The reason I am asking is that your data seems to show only a small difference in variance as function of distance (your points start at a little under 100 for near distances and end at a little over than 100 for far distances - with the ugly outlier in between). This is not a neat variogram, as you correctly observed, and playing with different curves may be forcing it.
You may be better off by explaining the differences as a function of some other variable than distance (only).
If the outlier represents real data and not some measurement error, then the problem is that your data does not fit the assumptions of the Kriging model. Fundamentally, Kriging assumes that points near each other have similar values, and the values de-correlate in a smooth way as the distance between them increases until they are uncorrelated. That outlier point violates the assumption, and so will never be faithfully reproduced in the fits. And since the fitting is done with least squares, the outlier has an outsized influence.
@jlacko and @Ajackson
thank you for your feedback,
The ultimate purpose it to fit a kinging model..
The spatial points fall within the tropical areas ..which include several countries separated by the ocean I am wondering whether I should fit different models based on the region ..
Maybe the problem is that very distance points have similar values (e.g. in two different regions)
e.g South America, Africa, Asia ..
What would you do in that case?
This is the first time I am fitting a Kringing into a vast area covering different regions
This is an interesting case; you seem to be doing some ecological modelling which is out of my regular line of work (I am more or socio-econ guy). So I don't want to sound too authoritative....
But at a glance at your map I would consider getting rid of differences in longitude (which is where the ocean distances are) and stick to latitudes only. Which would likely translate to climate differences.
And perhaps take into account altitude instead, as the Andes seem to be sticking out in South America and the Ethiopian highlands in Africa.
Tell me more. What sort of data? I assume you are trying to use Kriging as an interpolator? My background is geology & geophysics, usually used Kriging to construct maps or interpolate geologic data to desired locations. This sounds intriguing.
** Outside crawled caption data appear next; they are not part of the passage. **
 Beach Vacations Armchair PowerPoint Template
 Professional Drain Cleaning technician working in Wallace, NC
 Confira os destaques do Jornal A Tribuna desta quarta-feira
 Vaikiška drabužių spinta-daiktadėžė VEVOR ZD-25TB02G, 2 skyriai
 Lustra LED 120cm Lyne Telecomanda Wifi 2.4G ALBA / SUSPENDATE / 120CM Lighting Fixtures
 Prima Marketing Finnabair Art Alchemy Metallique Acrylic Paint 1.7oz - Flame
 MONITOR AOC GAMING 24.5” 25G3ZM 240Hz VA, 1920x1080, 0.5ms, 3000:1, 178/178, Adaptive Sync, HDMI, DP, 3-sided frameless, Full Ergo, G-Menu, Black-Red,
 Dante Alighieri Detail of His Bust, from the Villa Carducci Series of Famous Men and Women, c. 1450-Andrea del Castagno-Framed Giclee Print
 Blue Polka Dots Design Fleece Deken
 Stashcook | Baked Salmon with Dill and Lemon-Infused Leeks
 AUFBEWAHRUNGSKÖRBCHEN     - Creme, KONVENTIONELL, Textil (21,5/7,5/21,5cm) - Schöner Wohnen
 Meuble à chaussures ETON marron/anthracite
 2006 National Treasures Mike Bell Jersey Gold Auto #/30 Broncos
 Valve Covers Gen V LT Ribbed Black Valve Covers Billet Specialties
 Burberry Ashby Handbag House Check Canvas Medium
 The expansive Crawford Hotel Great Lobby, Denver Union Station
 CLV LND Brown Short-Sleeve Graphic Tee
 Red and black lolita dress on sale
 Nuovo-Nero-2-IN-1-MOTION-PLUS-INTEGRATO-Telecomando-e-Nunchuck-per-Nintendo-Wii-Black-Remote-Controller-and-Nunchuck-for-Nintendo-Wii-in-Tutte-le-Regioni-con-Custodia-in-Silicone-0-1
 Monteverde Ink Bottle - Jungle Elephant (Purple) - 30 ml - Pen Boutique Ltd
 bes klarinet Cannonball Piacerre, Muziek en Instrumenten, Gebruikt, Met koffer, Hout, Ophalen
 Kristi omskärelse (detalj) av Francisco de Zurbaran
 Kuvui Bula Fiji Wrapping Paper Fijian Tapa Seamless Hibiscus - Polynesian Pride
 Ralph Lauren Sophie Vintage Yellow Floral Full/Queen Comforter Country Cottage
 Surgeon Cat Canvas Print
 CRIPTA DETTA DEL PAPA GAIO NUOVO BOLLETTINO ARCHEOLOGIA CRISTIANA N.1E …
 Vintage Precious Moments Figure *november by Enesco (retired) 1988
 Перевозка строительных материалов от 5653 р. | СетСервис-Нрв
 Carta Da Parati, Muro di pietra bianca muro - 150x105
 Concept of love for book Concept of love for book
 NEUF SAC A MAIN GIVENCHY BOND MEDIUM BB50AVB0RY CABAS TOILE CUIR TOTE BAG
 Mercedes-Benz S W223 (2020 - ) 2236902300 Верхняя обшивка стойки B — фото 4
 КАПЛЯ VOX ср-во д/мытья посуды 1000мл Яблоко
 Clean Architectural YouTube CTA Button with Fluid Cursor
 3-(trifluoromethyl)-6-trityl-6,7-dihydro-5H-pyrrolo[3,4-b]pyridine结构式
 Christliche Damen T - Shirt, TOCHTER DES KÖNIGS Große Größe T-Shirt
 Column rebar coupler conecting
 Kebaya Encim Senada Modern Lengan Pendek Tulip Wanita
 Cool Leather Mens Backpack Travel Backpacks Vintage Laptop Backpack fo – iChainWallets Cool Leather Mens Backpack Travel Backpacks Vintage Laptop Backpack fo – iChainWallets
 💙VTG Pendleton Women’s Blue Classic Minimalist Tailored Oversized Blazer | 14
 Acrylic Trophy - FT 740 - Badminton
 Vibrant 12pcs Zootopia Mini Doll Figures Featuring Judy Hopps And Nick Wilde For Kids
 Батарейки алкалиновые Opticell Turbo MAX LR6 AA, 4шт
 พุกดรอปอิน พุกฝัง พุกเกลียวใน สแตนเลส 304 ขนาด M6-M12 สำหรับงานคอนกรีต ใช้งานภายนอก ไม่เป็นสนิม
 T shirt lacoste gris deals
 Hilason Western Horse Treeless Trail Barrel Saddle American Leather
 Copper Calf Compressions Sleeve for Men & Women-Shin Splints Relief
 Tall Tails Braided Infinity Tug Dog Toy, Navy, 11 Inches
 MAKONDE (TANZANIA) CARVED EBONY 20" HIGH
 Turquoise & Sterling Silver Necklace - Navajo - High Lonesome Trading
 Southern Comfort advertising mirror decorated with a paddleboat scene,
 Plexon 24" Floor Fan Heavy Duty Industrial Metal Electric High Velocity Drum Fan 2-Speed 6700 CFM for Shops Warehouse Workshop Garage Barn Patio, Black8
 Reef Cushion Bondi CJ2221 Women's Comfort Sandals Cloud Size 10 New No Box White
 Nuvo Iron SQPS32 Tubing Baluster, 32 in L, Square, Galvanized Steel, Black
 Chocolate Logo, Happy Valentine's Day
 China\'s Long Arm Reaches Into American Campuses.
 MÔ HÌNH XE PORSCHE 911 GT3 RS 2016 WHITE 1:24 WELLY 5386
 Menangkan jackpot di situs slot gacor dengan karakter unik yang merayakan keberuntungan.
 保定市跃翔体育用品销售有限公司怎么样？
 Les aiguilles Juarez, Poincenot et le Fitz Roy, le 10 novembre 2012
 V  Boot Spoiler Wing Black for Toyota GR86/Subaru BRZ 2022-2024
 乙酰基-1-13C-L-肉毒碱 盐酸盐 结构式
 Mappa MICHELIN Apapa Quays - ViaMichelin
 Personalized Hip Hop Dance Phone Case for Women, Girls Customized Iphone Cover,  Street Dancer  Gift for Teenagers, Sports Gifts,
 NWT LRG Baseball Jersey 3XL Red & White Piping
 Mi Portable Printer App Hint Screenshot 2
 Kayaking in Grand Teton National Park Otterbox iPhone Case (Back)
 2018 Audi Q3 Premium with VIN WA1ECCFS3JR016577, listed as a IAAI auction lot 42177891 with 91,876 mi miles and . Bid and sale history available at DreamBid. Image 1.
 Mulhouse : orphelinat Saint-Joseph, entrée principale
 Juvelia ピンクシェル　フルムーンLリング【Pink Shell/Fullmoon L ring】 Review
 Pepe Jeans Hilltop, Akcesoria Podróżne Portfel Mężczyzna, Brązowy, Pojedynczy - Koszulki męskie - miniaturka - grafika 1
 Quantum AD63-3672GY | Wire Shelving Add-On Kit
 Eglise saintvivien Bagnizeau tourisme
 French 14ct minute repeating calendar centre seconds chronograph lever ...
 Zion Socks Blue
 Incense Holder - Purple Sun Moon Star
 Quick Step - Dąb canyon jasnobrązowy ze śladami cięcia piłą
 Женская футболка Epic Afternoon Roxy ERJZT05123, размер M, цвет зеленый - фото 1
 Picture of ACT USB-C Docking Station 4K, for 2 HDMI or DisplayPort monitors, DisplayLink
Hm... if your goal is "just" interpolation, and the variogram does not quite behave, have you considered other interpolation techniques such as KNN or inverse distance weights? These can be done within gstat framework, and may sidestep the variogram issue.
From a Kriging standpoint it looks like your data is all nugget and sill, and no range. The variance is almost constant with respect to distance. Is there even enough data to build an interpolator? Or can the data be segmented into classes and interpolated within each class?
Hi @Ajackson
I am not sure that I am following you ..
Why do you say that there is no range ?
How would you proceed? Build different kringing one for each class ? .I am not sure how this should be done
@jlacko I may try different methods but I do not understand why the variogram does not change when I use only this latitude..it's the same of the initial one fitted with no variables
A basic variogram (ideally) should start at some value, at distance zero, which is the nugget. Then the semivariance increases uniformly out to some distance (the range) where it then flattens and signifies that the values that far apart and farther do not correlate. That final value is the sill. But there is so little change in your values, that it looks like the data is almost all sill. Actually, to ensure that the sill is reached, one will often fit a low order polynomial to the data first to remove any "drift". For example, if you are looking at bumps on a large sloping surface, you first remove the sloping surface, then Krige the data to interpolate the bumps, and then add the sloping surface back in. Because your data (excluding the outlier) could be fit quite well with a straight line, it doesn't look like a normal Kriging problem. Can you say more about what the original data is?
Yeah, this doesn't strike me as a good dataset for Kriging. I'd try out some of jlacko's suggestions - just a simple inverse distance might be sufficient.